PROBLEM TO WORK ON: Among the lines below, the one containing "captcha-1785227821" opens the range and the one containing "Exclu clip Lim zeler feat rohff 2009" closes it. Print that range exactly, without the pictures.

TASK INPUTS:

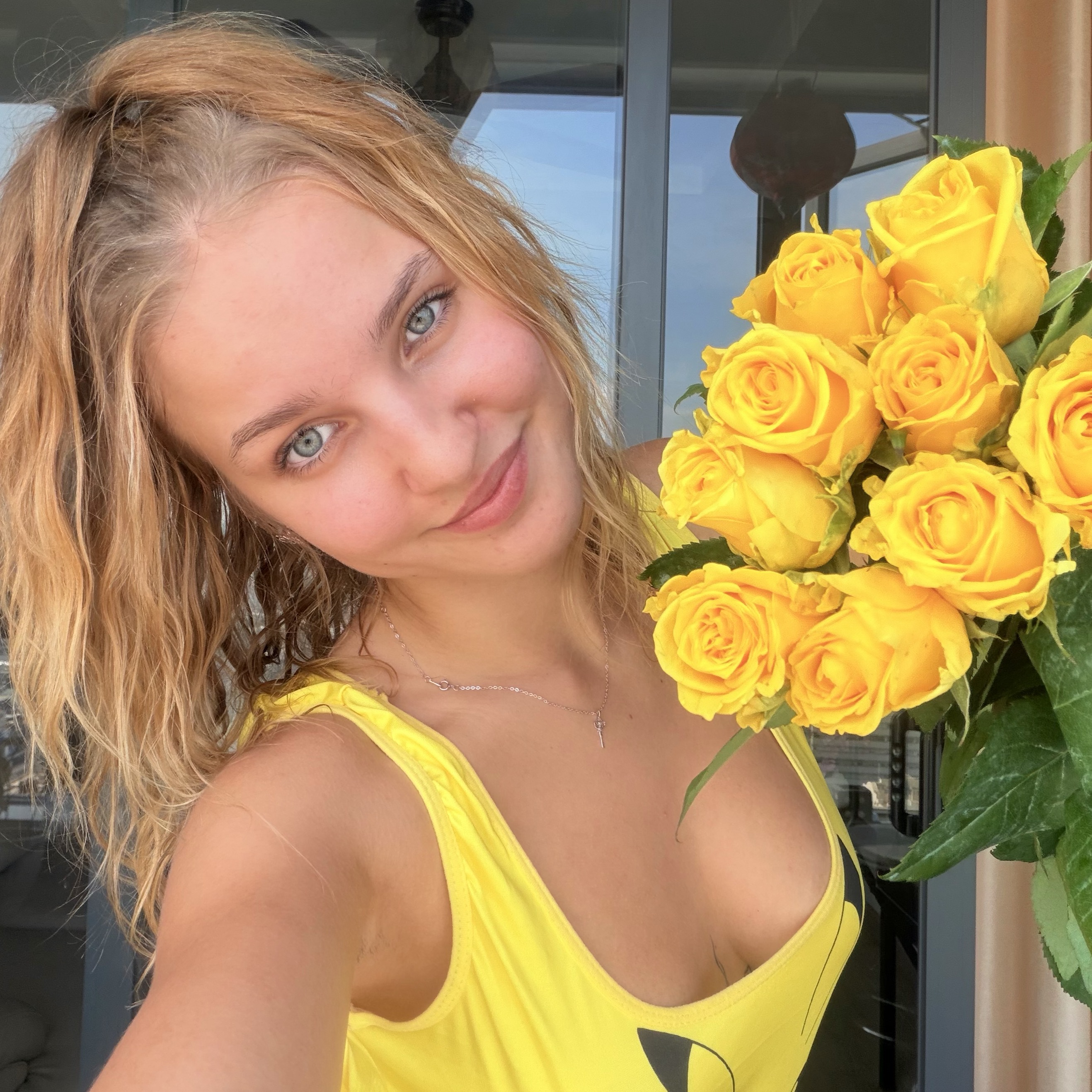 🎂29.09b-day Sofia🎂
---
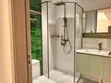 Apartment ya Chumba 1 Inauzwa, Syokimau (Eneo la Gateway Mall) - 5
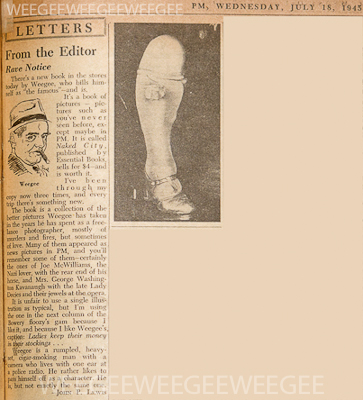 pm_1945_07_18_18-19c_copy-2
...
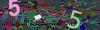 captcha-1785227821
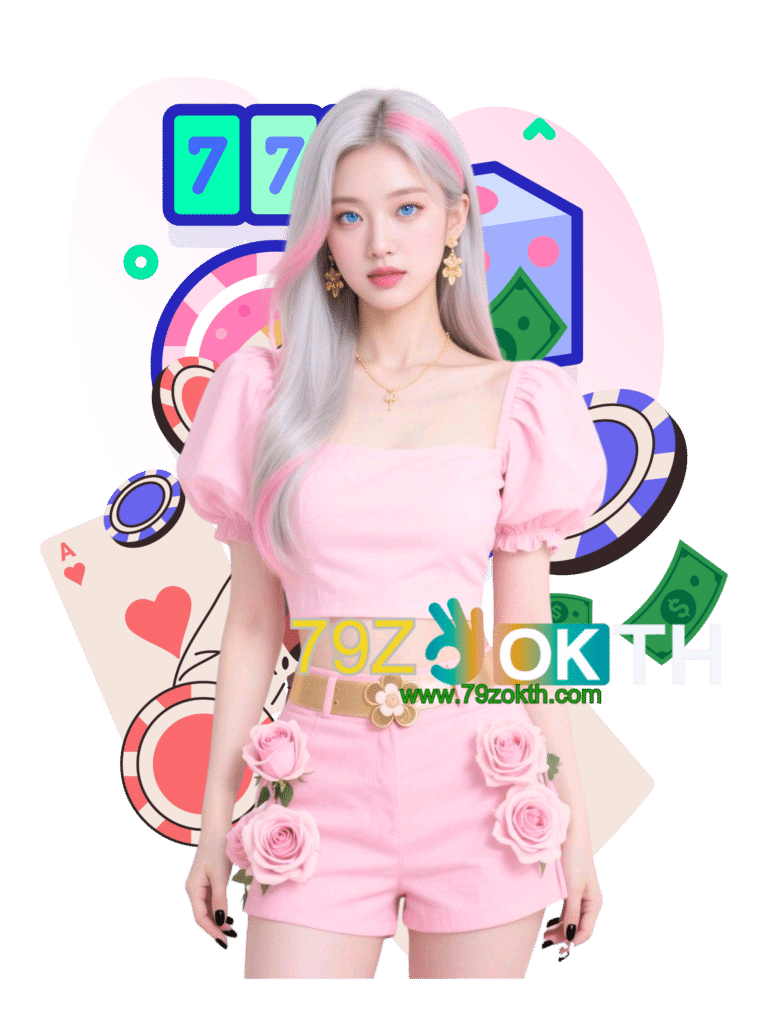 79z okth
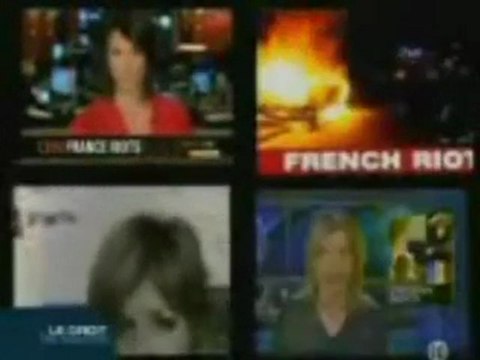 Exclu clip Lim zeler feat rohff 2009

ANSWER FOR THE TASK:
 captcha-1785227821
 79z okth
 Exclu clip Lim zeler feat rohff 2009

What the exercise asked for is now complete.